Thyme has made many memories around different tables all around the world. Everything seems better with thyme. They are close relatives of the oregano and belong to the mint family Lamiaceae. Thyme is celebrated for its leaves that are green or variegated. Its leaves are elliptical-shaped and arranged oppositely on the stems. A dense sheath of hairs cover the leaves and along with oil glands. The thyme plant also possesses tiny lilac or pink-colored flowers that are brimmed with nectar.

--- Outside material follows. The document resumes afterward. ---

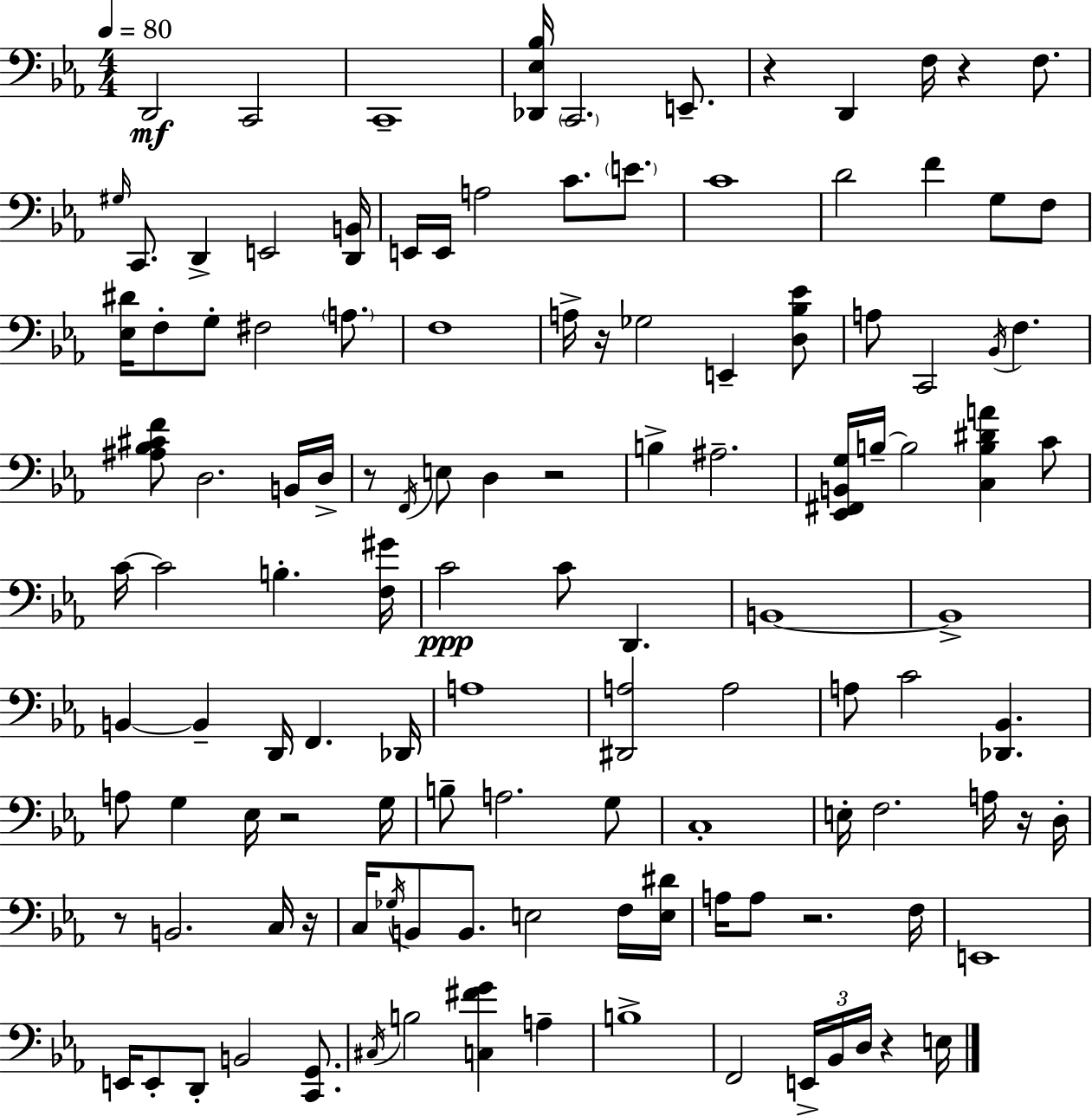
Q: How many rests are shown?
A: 11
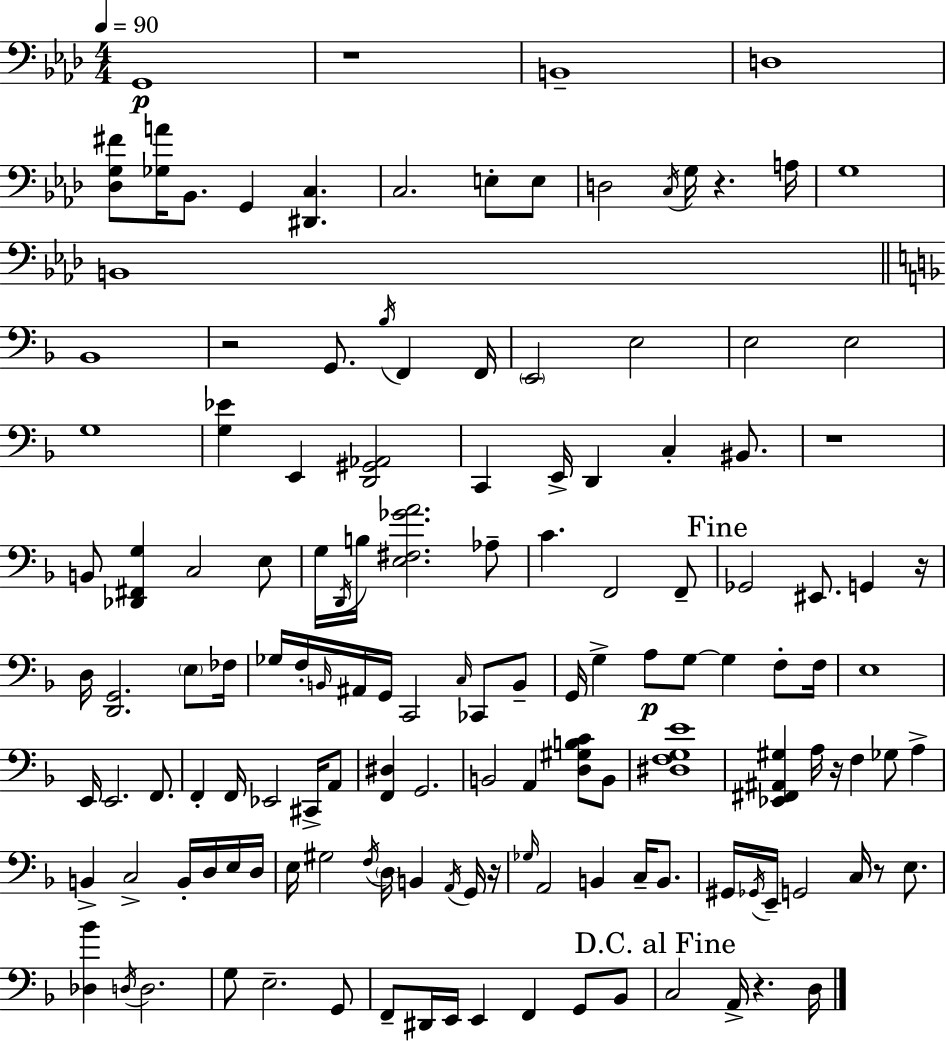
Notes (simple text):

G2/w R/w B2/w D3/w [Db3,G3,F#4]/e [Gb3,A4]/s Bb2/e. G2/q [D#2,C3]/q. C3/h. E3/e E3/e D3/h C3/s G3/s R/q. A3/s G3/w B2/w Bb2/w R/h G2/e. Bb3/s F2/q F2/s E2/h E3/h E3/h E3/h G3/w [G3,Eb4]/q E2/q [D2,G#2,Ab2]/h C2/q E2/s D2/q C3/q BIS2/e. R/w B2/e [Db2,F#2,G3]/q C3/h E3/e G3/s D2/s B3/s [E3,F#3,Gb4,A4]/h. Ab3/e C4/q. F2/h F2/e Gb2/h EIS2/e. G2/q R/s D3/s [D2,G2]/h. E3/e FES3/s Gb3/s F3/s B2/s A#2/s G2/s C2/h C3/s CES2/e B2/e G2/s G3/q A3/e G3/e G3/q F3/e F3/s E3/w E2/s E2/h. F2/e. F2/q F2/s Eb2/h C#2/s A2/e [F2,D#3]/q G2/h. B2/h A2/q [D3,G#3,B3,C4]/e B2/e [D#3,F3,G3,E4]/w [Eb2,F#2,A#2,G#3]/q A3/s R/s F3/q Gb3/e A3/q B2/q C3/h B2/s D3/s E3/s D3/s E3/s G#3/h F3/s D3/s B2/q A2/s G2/s R/s Gb3/s A2/h B2/q C3/s B2/e. G#2/s Gb2/s E2/s G2/h C3/s R/e E3/e. [Db3,Bb4]/q D3/s D3/h. G3/e E3/h. G2/e F2/e D#2/s E2/s E2/q F2/q G2/e Bb2/e C3/h A2/s R/q. D3/s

Thyme is an evergreen, perennial shrub that cheered for culinary, medicinal, and ornamental purposes. This pungent herb compliments many sauces, soups, braises, fish, and meaty also goes well with rice dishes, potatoes, vegetables, chowder, eggs, custard, and croquettes. The subtle dry aroma with a hint of the minty flavor grabs attention of taste buds and fits well with French, Italian, and Mediterranean dishes.

Apart from culinary uses, thyme is tailor-made to cater to different ailments. The active ingredient thymol is hailed for its benefits as it can treat cough, sore throat, bronchitis, gastritis, colic, diarrhea, flatulence, dyspraxia, internal parasitic infections, and so forth. The aromatic leaves of thyme are also used in manufacturing toothpaste to impart the minty flavor for treating halitosis.


Thyme desires to absorb the rays of full sun and a well-drained, neutral soil which can be chalky, loamy, or sandy. This handsome plant can be grown in both indoor and outdoor settings. Thyme does not require much water to prosper as it is highly drought-resistant. It needs water when the soil feels completely dry.

It seems a bit challenging to start thyme with seeds, so it is better to step up with cuttings and divisions. The cuttings should only be propagated when soil temperature 70°F i.e. two to three weeks before the last frost. In spring, the thyme plants can be fertilized with compost.

For garden bed thyme, its best companions are eggplant, Brussels, broccoli, tomatoes, and cabbage.

A secret to experiencing good growth, optimum flavor, and flowering, a liquid feed is supplied to thyme in summer. For attaining fresh new growth, thyme should be actively pruned with shears.

Thyme plant enters the flowering process upon the onset of spring and continues till summer. The attractive lilac flowers, packed with nectar, serves as an open invitation for the pollinating insects like a bee.

The pollination of thyme results in the formation of seed heads that are left to dry on the plant and get matured. These mature seeds then account for the propagation of the life cycle of thyme.


To experience the truly strong flavor of thyme, try summer harvest. Or else, thyme can be harvested all year round preferably before the flowering season.

Small sprigs of thyme are cut with aid of a sharp pair of scissors.

Thyme can be used both fresh and dried as it imparts the best of its flavor in both the forms.

Thyme can be oven-dried slowly for 24 hours at 212°F, or it can be air-dried until the leaves feel brittle to touch. The dried leaves are then stored in an airtight container to be used later for its signature essence and flavor.


Thyme, the strongest and driest of herbs, is widely used by people all around the world to gain a wise profit.

  • Tea - Fresh thyme sprigs are soaked in boiling water for 10 to 15 minutes and then strained to form thyme tea.
  • Tincture - Infuse fresh or dried chopped thyme leaves in grain alcohol for 4 to 6 weeks. Strain the liquid and place it in a dark and dry place.
  • Decoction - Dried thyme sprigs are steeped in hot boiled water for 5 to 10 minutes. The decoction is strained and can be enjoyed with the addition of natural sweetener.
  • Salve - Thyme oil is used to make thyme salve.
  • Syrup - fresh or dried thyme is simmered with white sugar and water to form thyme syrup.
  • Infused oil - Fresh or dried thyme is heated with oil for an hour. The oil is then strained and labeled as thyme oil.